In Arrival, Amy Adams plays Louise Banks, a professor of linguistics who has worked on code for the U.S. military and is recruited, covertly and suddenly, to spearhead communications with aliens (which they call “Heptapods”) who have landed on earth. (Interesting side note – the only woman who has won a Best Actress Oscar for portraying a professor was also in the field of linguistics: that would be Julianne Moore in Still Alice.) Adams’s performance was heralded as a rare thing: she plays Louise as a strong, no-nonsense scholar who has clearly learned to separate her work from her emotional life (much like Sandra Bullock’s character in Gravity). She’s tough but not cold, sensitive but not a puddle of mush. It’s a finely nuanced performance, and a gift for female academics who aren’t used to seeing themselves portrayed as heroines onscreen.
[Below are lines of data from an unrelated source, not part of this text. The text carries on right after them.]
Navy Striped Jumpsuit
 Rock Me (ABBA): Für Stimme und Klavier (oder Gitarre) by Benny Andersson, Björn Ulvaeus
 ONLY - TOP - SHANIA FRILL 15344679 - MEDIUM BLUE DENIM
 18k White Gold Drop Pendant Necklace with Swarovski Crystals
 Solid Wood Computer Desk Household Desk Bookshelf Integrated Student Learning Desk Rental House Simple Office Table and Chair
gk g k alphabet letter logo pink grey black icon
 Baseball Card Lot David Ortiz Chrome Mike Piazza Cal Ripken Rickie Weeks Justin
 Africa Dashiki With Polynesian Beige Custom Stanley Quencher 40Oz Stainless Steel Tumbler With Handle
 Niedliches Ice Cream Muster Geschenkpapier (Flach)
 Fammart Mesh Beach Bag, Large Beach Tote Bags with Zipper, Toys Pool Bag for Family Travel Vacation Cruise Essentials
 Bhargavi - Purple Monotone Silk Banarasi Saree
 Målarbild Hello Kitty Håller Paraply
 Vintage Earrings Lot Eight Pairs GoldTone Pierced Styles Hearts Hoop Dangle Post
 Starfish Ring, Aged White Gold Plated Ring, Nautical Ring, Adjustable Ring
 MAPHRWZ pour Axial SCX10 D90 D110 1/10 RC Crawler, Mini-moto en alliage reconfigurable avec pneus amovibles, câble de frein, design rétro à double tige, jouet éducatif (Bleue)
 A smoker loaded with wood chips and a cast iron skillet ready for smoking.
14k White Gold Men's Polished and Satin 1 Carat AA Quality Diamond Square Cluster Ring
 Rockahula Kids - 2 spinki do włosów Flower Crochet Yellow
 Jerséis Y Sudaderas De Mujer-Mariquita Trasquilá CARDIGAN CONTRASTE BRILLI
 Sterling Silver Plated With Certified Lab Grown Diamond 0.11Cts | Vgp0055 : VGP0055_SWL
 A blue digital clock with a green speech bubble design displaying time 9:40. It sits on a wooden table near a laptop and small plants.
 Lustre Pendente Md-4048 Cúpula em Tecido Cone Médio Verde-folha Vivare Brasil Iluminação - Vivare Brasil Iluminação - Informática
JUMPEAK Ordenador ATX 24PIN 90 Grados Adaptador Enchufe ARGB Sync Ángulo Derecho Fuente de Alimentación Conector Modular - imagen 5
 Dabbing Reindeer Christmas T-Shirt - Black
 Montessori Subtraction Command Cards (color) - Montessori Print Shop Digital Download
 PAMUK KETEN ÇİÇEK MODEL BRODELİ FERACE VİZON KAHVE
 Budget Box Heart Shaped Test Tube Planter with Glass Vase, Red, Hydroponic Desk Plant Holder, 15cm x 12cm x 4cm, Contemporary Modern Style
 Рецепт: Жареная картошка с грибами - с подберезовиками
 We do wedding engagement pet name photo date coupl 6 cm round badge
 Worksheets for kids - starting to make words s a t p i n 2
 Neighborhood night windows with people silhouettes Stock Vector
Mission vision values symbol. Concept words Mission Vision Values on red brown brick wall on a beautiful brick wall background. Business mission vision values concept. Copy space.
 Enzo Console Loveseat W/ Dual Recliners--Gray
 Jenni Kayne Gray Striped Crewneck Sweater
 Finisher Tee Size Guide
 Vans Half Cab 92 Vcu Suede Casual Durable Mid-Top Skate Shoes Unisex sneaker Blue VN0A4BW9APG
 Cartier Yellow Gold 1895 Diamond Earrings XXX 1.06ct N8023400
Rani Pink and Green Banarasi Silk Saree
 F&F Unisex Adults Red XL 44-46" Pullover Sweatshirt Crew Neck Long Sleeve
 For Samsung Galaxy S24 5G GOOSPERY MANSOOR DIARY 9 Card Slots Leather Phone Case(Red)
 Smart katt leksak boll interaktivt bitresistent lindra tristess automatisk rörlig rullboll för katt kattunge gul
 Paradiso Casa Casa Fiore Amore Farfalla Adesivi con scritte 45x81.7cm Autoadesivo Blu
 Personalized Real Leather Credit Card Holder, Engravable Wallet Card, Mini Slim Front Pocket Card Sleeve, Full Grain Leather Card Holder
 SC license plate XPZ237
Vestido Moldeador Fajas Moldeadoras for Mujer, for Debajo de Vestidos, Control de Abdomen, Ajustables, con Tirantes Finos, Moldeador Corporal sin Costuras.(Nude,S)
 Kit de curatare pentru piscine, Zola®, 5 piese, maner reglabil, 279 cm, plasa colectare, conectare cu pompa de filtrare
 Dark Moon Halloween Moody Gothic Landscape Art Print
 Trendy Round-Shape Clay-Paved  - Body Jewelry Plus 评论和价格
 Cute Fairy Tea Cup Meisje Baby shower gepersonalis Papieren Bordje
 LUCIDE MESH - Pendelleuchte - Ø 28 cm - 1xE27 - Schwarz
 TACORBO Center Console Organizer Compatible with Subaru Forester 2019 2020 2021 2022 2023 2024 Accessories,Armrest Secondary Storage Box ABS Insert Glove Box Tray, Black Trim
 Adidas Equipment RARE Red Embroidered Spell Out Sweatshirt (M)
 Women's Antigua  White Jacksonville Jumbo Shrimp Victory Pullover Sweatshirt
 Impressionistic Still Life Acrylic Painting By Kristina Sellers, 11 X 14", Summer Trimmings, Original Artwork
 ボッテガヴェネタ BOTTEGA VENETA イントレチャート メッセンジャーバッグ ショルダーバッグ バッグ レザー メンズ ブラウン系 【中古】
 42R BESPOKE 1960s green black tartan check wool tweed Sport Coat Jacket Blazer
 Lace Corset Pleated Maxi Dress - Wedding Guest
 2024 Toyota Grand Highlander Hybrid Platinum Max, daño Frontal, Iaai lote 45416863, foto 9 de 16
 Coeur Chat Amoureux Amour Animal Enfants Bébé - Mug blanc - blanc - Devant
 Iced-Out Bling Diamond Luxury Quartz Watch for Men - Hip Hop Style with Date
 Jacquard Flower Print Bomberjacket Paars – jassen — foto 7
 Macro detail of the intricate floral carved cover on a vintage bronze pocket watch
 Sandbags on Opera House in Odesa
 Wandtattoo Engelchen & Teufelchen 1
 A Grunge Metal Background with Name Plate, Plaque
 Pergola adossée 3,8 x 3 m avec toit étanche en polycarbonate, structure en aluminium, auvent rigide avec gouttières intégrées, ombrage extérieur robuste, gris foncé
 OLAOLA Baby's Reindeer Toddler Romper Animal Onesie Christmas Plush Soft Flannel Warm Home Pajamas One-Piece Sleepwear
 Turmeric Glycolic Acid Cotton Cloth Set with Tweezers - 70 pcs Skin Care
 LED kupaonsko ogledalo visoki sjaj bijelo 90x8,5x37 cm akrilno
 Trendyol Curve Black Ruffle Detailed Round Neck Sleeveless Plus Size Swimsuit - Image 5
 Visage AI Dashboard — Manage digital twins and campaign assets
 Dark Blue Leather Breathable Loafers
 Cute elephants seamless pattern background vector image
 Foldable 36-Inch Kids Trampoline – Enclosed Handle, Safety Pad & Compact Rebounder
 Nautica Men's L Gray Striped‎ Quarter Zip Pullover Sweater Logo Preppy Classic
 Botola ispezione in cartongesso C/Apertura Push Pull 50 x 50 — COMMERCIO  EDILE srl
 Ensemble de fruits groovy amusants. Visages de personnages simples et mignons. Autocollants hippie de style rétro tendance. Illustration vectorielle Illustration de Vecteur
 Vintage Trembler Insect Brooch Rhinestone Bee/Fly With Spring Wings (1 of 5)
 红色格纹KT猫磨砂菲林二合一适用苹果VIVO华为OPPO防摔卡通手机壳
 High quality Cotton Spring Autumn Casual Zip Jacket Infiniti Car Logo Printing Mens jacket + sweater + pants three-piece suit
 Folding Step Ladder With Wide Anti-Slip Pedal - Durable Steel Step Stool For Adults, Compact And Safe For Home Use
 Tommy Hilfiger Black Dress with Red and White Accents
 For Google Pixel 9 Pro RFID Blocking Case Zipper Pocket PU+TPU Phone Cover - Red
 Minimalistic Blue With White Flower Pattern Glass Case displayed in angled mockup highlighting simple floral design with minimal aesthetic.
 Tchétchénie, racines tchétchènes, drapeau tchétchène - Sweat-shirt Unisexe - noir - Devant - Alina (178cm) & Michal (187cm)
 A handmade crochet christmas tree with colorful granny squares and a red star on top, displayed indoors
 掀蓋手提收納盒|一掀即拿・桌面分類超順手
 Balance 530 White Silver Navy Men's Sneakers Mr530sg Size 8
Yes, Arrival is a movie about aliens, and yet instead of an action-packed thrill ride it’s surprisingly quiet and contemplative. As in every other alien movie, the aliens are certainly a threat, and a sense of foreboding cloaks every scene. But instead of fighting the heptapods, the film is about understanding them. And how do they attempt to do that? Through scholarly fieldwork, of course.
The central scenes in Arrival focus on Louise and Ian Donnelly, her physicist colleague (played by Jeremy Renner, solid but not entirely believable as a physicist) carefully observing the Heptapods, attempting to communicate with them, and then retreating to the lab to piece together what they’ve learned. Louise and Ian painstakingly plot out interactions with the creatures in order to decode the alien language, a “non-linear orthography,” using software to recreate and analyze their “logograms.” (Slate conducted an interesting interview with a linguist on the ins and outs of Louise’s work in the film.) The two clash with global leaders and U.S. military personnel, who are getting impatient and ready to use force, but they press on anyway, despite the fact that the process of decoding the alien language is taking a mental toll on Louise. To say more would be to give away a major plot twist. But let’s just say that Louise’s work is so successful that an epilogue of sorts finds her publishing a book and lecturing to rapt audiences around the country.
Though the humanities continue to face an uphill battle for funding, it’s encouraging to see this kind of positive representation in popular culture. This isn’t just a pipe-smoking professor reclining in his office, or a montage of an intrepid researcher spending a day at the library. It’s an accurate representation of the type of work that many humanities and social science scholars do without fanfare on a regular basis, and the potentially life-saving applications of that work. And perhaps best of all, it’s led by a strong, capable woman, whose credibility is never once questioned on the basis of her gender. Louise is fictional, but there are many out there like her – incredible female scholars that we’ll be lucky to have in our corner should the Heptapods come for real.